= City attorney =

Lawyer who represents a municipality

A city attorney is a position in city and municipal government in the United States. The city attorney is the attorney representing the municipality.

Unlike a district attorney or public defender, who usually handles criminal cases, a city attorney generally handles civil cases, advising the city on legal matters and representing it in court. City attorneys may advise city officials on a wide range of city business, ranging from nuisances to tax law to municipal annexations. A city attorney also advises the city's legislative body (such as a city council) on the legality of proposed actions and assists in the drafting of city ordinances and resolutions. In some jurisdictions, city attorneys also function as prosecutors, pursuing low-level criminal cases against persons charged with violating city ordinances, such as those relating to public drunkenness, traffic violations, zoning and building codes, and municipal health regulations. In California, city attorneys have the power to seek gang injunctions in a civil proceeding in California state courts.

The client of the city attorney is the city, and the city attorney is typically responsible to both the mayor and the city council. When the mayor and the city council disagree, or when city council members disagree among themselves, this can cause complexities, such as the application and waiver of the attorney–client privilege.

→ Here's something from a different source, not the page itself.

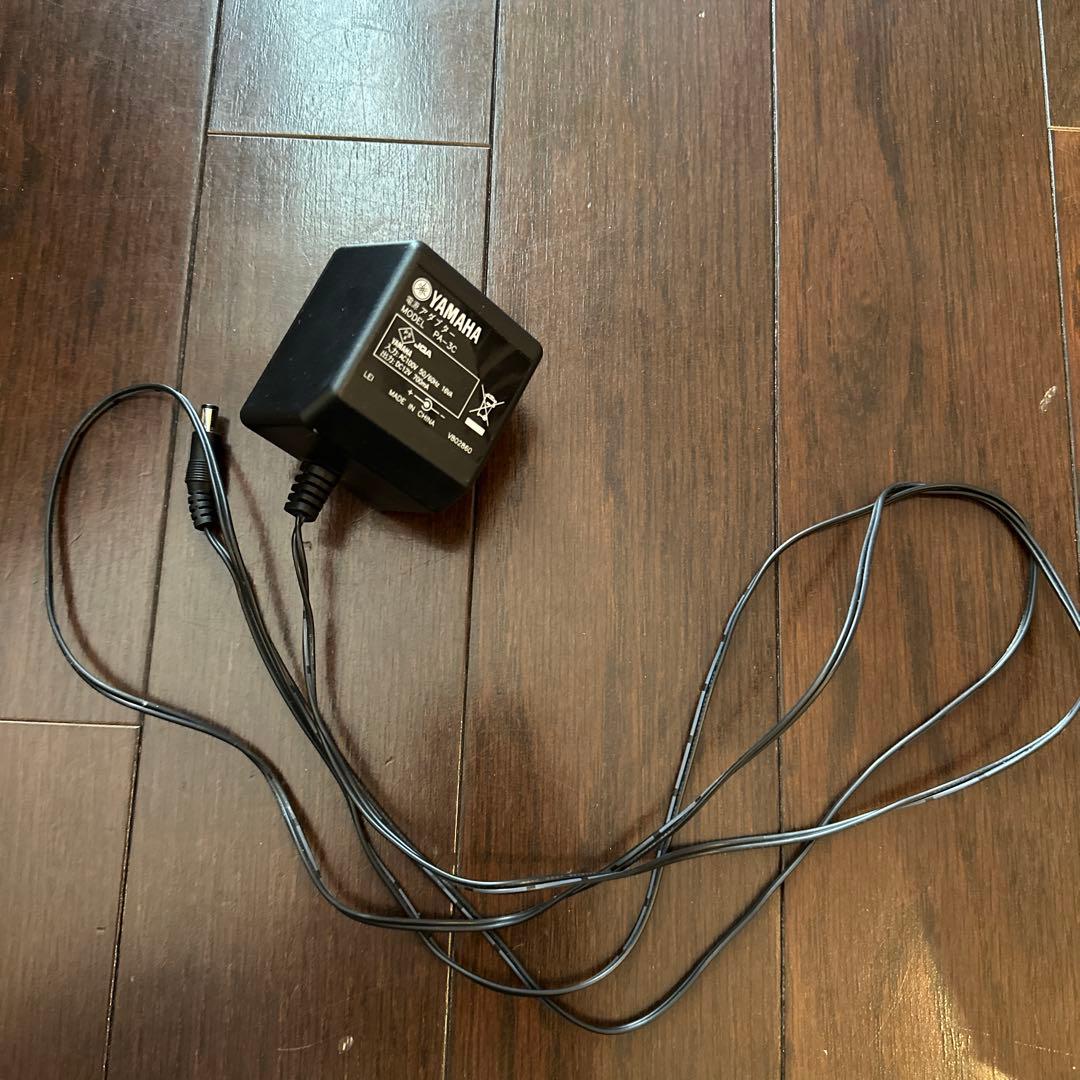 ヤマハ　キーボードEZ-300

In some areas, the position of city attorney is a part-time position based on a retainer agreement, and city attorneys engage in the outside private practice of law. In some cities, the city attorney is elected, while in other cities, the city attorney is appointed. For example, in California, most large cities (including San Francisco, Los Angeles, and San Diego) have elected city attorneys, while most of smaller cities appoint their city attorneys. In some cities, the city attorney position is very powerful. For example, the elected position of San Francisco City Attorney is important due to the large array of duties associated with the office. Unlike all other California counties, San Francisco is a consolidated city-county, meaning that the San Francisco City Attorney handles legal duties in areas that would in other counties be the responsibility of the county counsel (such as county health and social services functions) as well as the duties of all California city attorneys (police and fire). The San Francisco city attorney is also unusually powerful because of the broad scope of properties and activities operated by the city and county government (including land ownership in San Mateo County); for example, the city owns the San Francisco International Airport, Crystal Springs Reservoir, Sharp Park Golf Course, San Francisco Employees' Retirement System, and Port of San Francisco.